A entrevista dada por Matthias Enard ao João Céu e Silva no «Diário de Notícias» coincidiu com a receção do caixote oriundo do meu clube do livro francês, com os títulos mais interessantes de entre os que se vão publicando recentemente em França.
Um dos que agora me chegou às mãos foi, precisamente, «Boussole» desse autor, galardoado com o Goncourt deste ano. E estou justificadamente expectante para esta viagem de um orientalista que, sempre de pijama, e sentado no sofá, passa sete horas de insónia a fazer o balanço das diferenças civilizacionais entre a Europa iluminista e esse Oriente, que se tornou para ela uma construção imaginária, com muitas diferenças em relação à sua verdadeira identidade.
Numa época em que gente perigosa anda a perorar sobre «choque» entre civilizações incompatíveis, o livro de Enard pretende demonstrar o contrário: elas podem ser, não só harmonizáveis, mas também miscigenáveis.
Na entrevista em causa o autor diz duas frases com que me sinto particularmente identificado: “A viagem é cada vez mais feita de muitas realidades, como de informações que outros viajantes trazem, e não só de querer ir ao local”.

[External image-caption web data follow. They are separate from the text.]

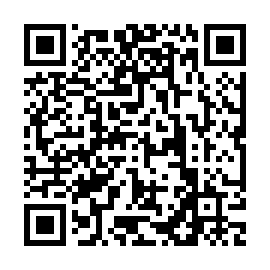 QR 2e83423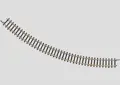 MK8520-10.jpg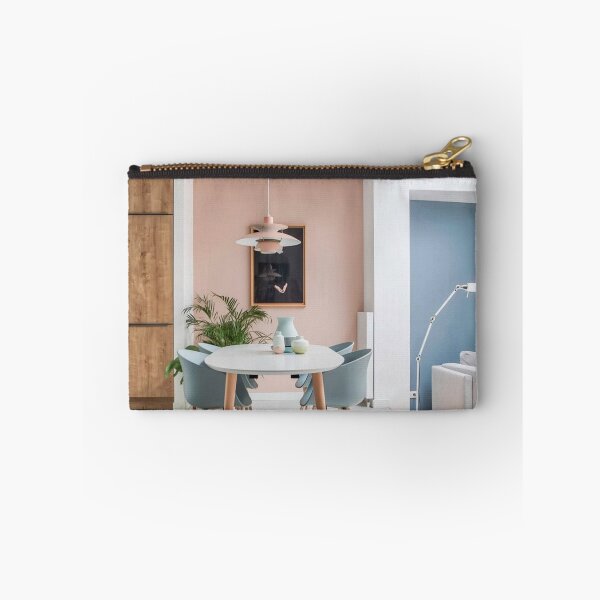 Item preview, Snowy Canada Post aWoodland Spirit designed and sold by Sajutitulpes.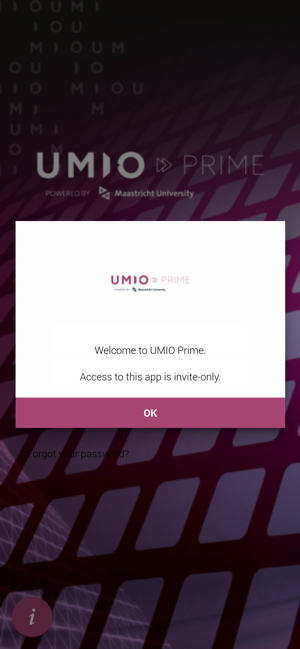 UMIO Prime(圖2)-速報App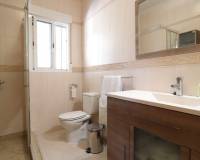 Resale - Apartment - Catral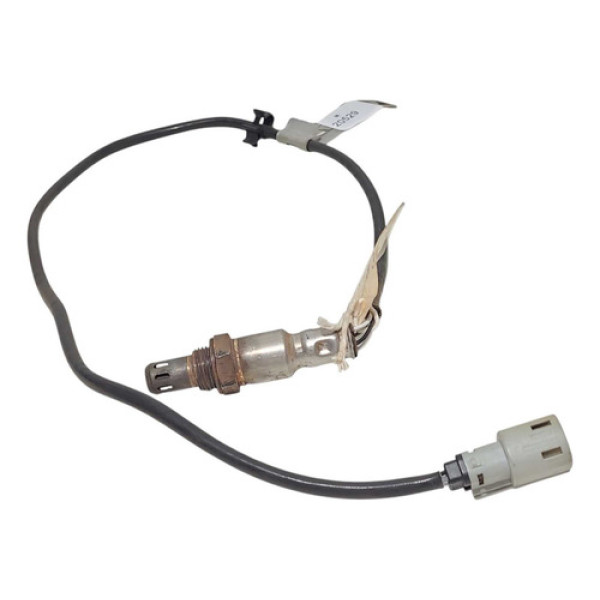 Sonda Lambda Pós Catalisador Ford Ka 3cc 2015 2019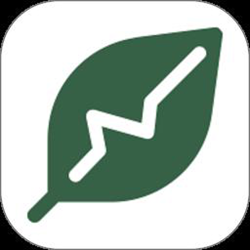 小麦医考 v1.0.2 安卓版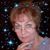 Debbie Bender's profile image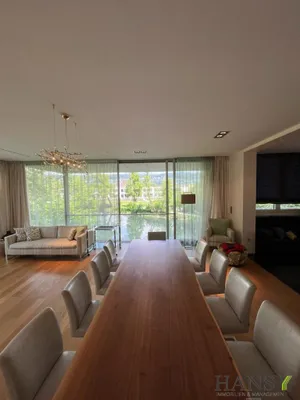 6-Zimmer-Wohnung kaufen in Villach Land – 267,52 m², € 5.280.000 – Bild 9 von 29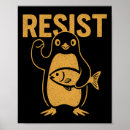 Suche nach rebellisch poster Präsident
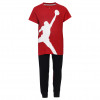 Kid's  Jordan Jumpman Logo T-Shirt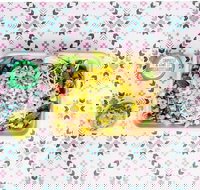 Mad Mex - Macquarie Park - Newcastle Accommodation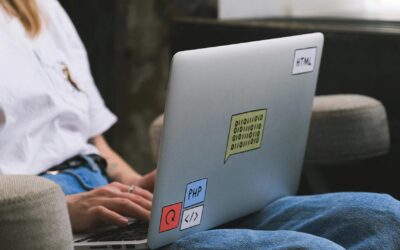 Travailler à son compte dans la tech, une bonne idée ?
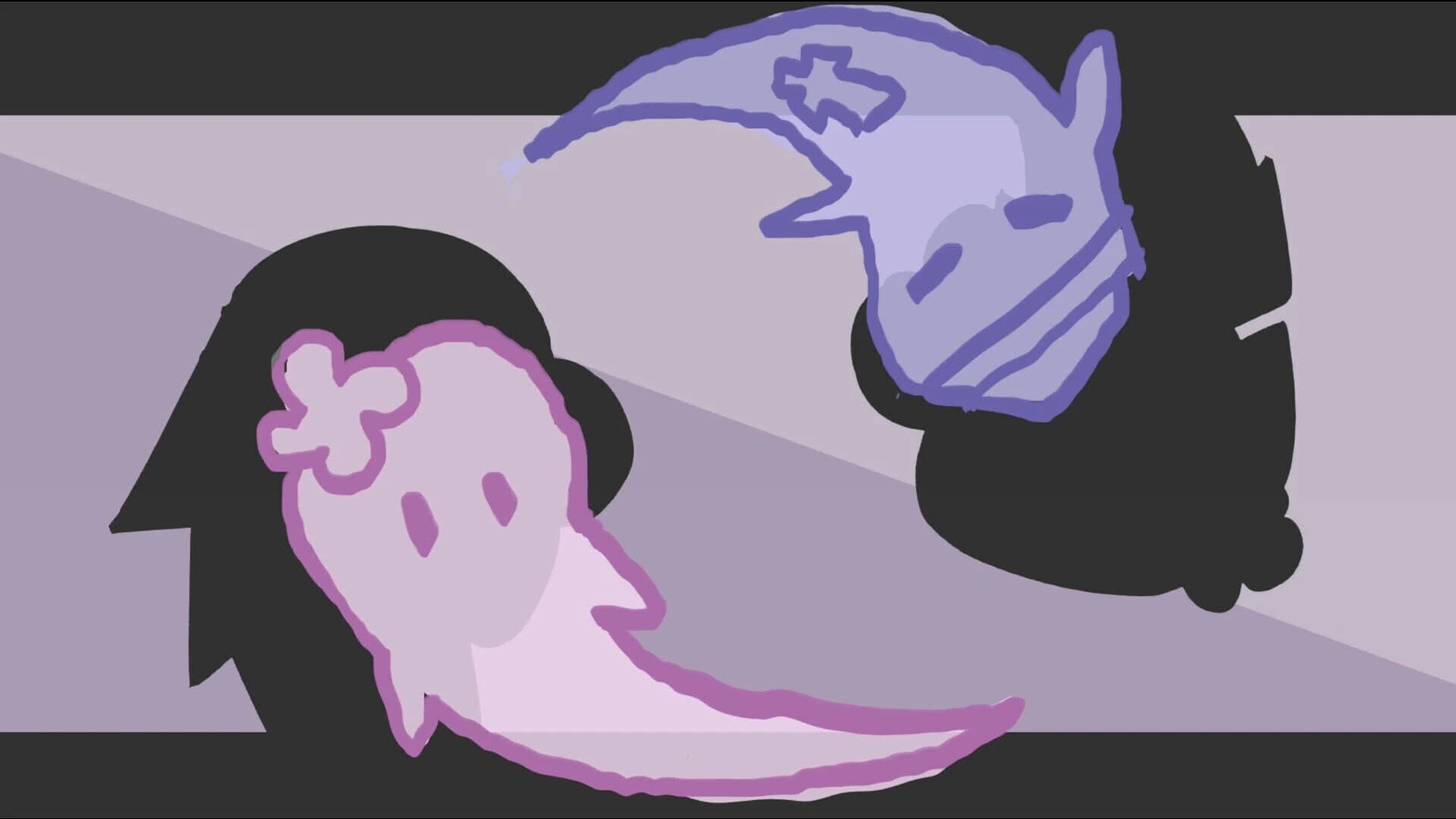 Grooove screenshot 5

A minha longa experiência de viajante por todos os continentes - ou, pelo menos, pelos seus portos! - levou-me amiúde a compreender que deveria ter lido certos textos e absorvido determinadas informações para conseguir ver aquilo que me surgia diante dos olhos.
Ao longo de tantos anos e experiências, estou convicto de ter tido à minha frente muitos edifícios e histórias a eles associadas, que me deleitariam o olhar e, cuja ignorância na altura, me fizeram delas cego.
A outra frase interessante de Énard coaduna-se com o que eu próprio penso e ando a tentar incorporar nos meus exercícios ficcionais: “No século XXI o romance integra tudo. A ficção aproxima-se do ensaio, bem como de temas jornalísticos e de imagens”. Eu não o conseguiria dizer melhor!